Part II: Scotus and the Univocity of Being

By Cynthia R. Nielsen

November 15, 2006

As I noted in the previous post, the doctrine of the univocity of being is a Scotist distinctive. As Peter King observes, according to Scotus, “there is a single unified notion of being that applies equally to substance and accident (and generally to all ten categories), as well as to God and creatures, which serves to ground metaphysics as a science.”[1] King notes two arguments (among many) that Scotus gives for the univocity of being. First, Scotus states that one can be certain about a concept that he possesses and yet doubt another concept.
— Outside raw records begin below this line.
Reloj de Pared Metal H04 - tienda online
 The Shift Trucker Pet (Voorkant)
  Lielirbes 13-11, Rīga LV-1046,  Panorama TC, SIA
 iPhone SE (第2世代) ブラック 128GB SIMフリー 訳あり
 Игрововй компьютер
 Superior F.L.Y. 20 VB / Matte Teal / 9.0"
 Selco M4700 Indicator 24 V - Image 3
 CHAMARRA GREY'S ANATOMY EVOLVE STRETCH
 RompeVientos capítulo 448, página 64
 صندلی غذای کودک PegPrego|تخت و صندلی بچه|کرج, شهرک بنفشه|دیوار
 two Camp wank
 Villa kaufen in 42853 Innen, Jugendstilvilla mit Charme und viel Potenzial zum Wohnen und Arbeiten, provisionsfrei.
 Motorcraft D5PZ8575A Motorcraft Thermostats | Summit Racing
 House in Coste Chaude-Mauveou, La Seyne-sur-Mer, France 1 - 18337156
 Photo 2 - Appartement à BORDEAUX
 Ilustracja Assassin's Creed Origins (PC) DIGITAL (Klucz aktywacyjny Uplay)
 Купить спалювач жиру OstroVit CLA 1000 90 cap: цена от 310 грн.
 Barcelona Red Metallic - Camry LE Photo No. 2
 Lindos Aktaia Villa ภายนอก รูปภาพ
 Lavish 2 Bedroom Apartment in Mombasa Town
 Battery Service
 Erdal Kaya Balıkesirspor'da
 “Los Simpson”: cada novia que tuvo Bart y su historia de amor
The example that Scotus gives is that one can be certain that God is a being and yet doubt whether God is an infinite or finite being or a created or uncreated being. Consequently, this indicates that “being” can be separated from the concepts of a finite or infinite being, yet being is included in the latter concepts.[2] The second argument is a kind of reductio ad absurdum. That is, Scotus argues that if we do not have a univocal concept of being, then we ultimately must deny that substance, and more seriously, God, are unknowable (by us). Given that the viator’s knowledge is derived from sense perception, which leads to “simple concepts that have a content in common with that which inspires them,” there is, therefore, “no basis [contra Henry] for forming simple analogous concepts.”[3] In addition, if we do not possess a simple concept of being, then in light of the fact that we do not directly perceive substance (but only perceive accidents directly), it would be cast into the realm of the unknowable. The same type of argument can also be applied to God.

Bibliography
Duns Scotus. Philosophical Writings, trans. Allan Wolter. Indianapolis: Hackett, 1987.
King, Peter. “Scotus on Metaphysics,” as found in the Cambridge Companion to Duns Scotus. Cambridge: Cambridge Univ. Press, 2003), pp. 15-57.

Notes
[1] King, “Scotus on Metaphysics,” p. 18. Scotus himself writes, “I designate that concept univocal which possesses sufficient unity in itself, so that to affirm and deny it of one and the same thing would be a contradiction. It also has sufficient unity to serve as the middle term of a syllogism, so that wherever two extremes are united by a middle term that is one in this way, we may conclude to the union of the two extremes themselves” (Philosophical Writings, p. 20).
[2] “Every intellect that is certain about one concept, but dubious about others has, in addition to the concepts about which it is in doubt, another concept of which it is certain. […] Now in this life already, a man can be certain in his mind that God is a being and still be in doubt whether He is a finite or an infinite being, a created or an uncreated being. Consequently, the concept of ‘being’ as affirmed of God is different from the other two concepts but is included in both of them and therefore is univocal” (Philosophical Writings, p. 20).
[3] King, “Scotus on Metaphysics,” p. 18.